I understand this notion of Civic Religion because I am guilty of placing the Constitution on a "faith-like" plane. The reason is that I have an overly developed sense of commitment and great respect for the law. The law is what takes us out of Hobbesian sate of nature. The Constitution and the Declaration of the Rights of Man sought to codify the dignity of human beings. Somehow writing it down made it harder for people to ignore. Religions work in a similar way. That is why they have so much dogma.
The ideals encapsulated in these documents came from the Enlightenment, which focused on freedom from an angry, oppressive God. That freedom came from reason. Since we started out trying to understand the role of religion in American life, I think it might be worth tracing the roots a little.

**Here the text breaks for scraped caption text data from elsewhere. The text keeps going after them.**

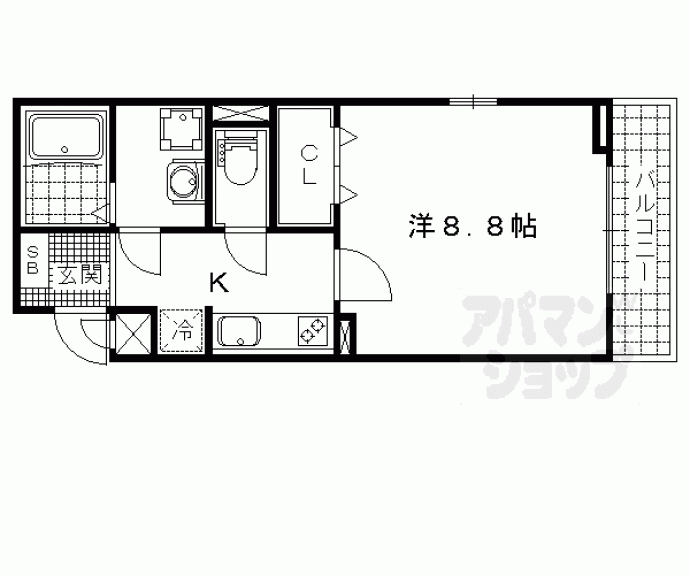 【ル・ソレイユⅡ】間取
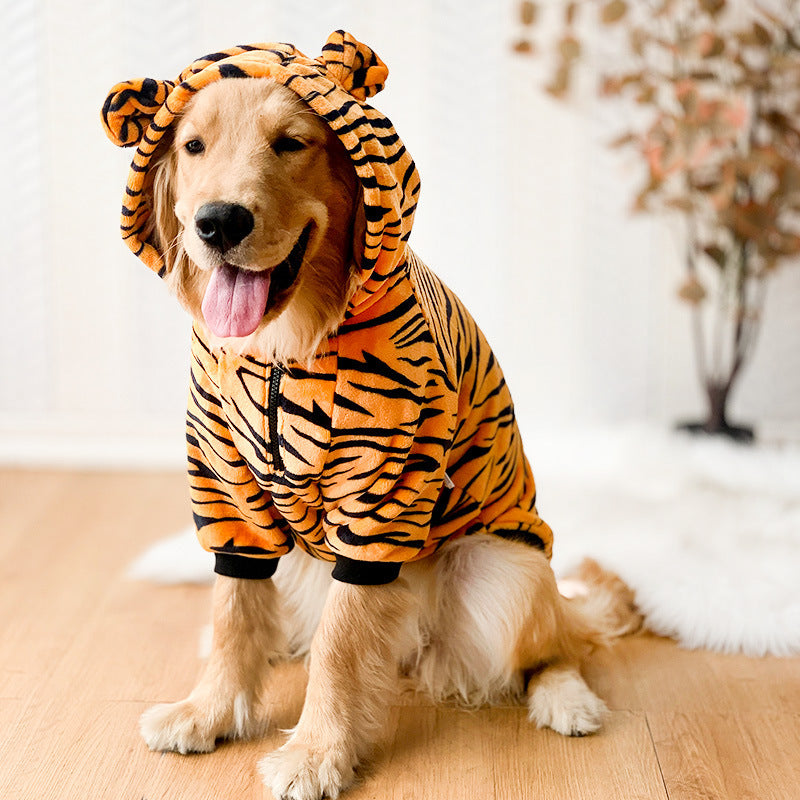 Retriever Clothes Tiger Pet Costume
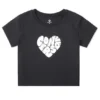Camiseta Heart Tamanhos asiáticos “Preto”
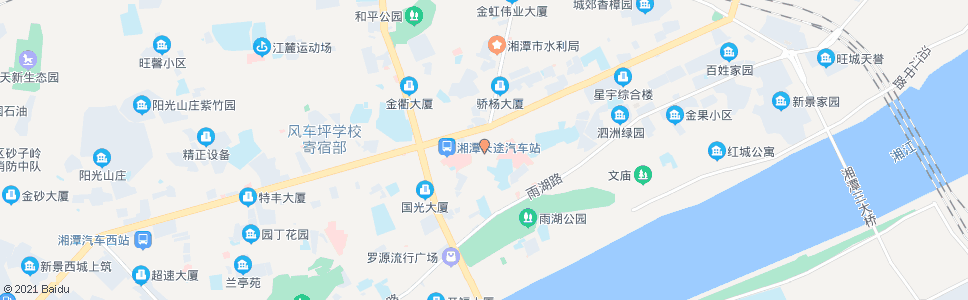 湘潭基建营_公交站地图_湘潭公交_妙搜公交查询2024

Let's start at the Renaissance. The Renaissance taught people that beauty (through art) could be had on earth. Artists started with the Divine- painting biblical figures. But to do that, they had to explore human beings, their anatomy, their expressions, their emotions. They, in effect, painted God in the image of man and man in the image of God. (Ever notice that in Michelangelo's "Creation of Man", God is floating in a big brain?) And once man sees himself and God intertwined, he begins to understand that he and God are not really different. In fact, they may be one in the same. If that is the case, the king isn't so important either. There goes the Divine Right of Kings and priests. Traditional notions of religion and reverence are subverted. I love that scene in Monty Python's Holy Grail when Arthur rides up to the peasant's digging in mud only to find that they will not bow to him. In fact, they get downright sassy to their "king".
From this comes the Enlightenment where we wake up and realize that we can control our government and our destiny. And in a sense, people replaced their faith in a higher power with a faith in their own power.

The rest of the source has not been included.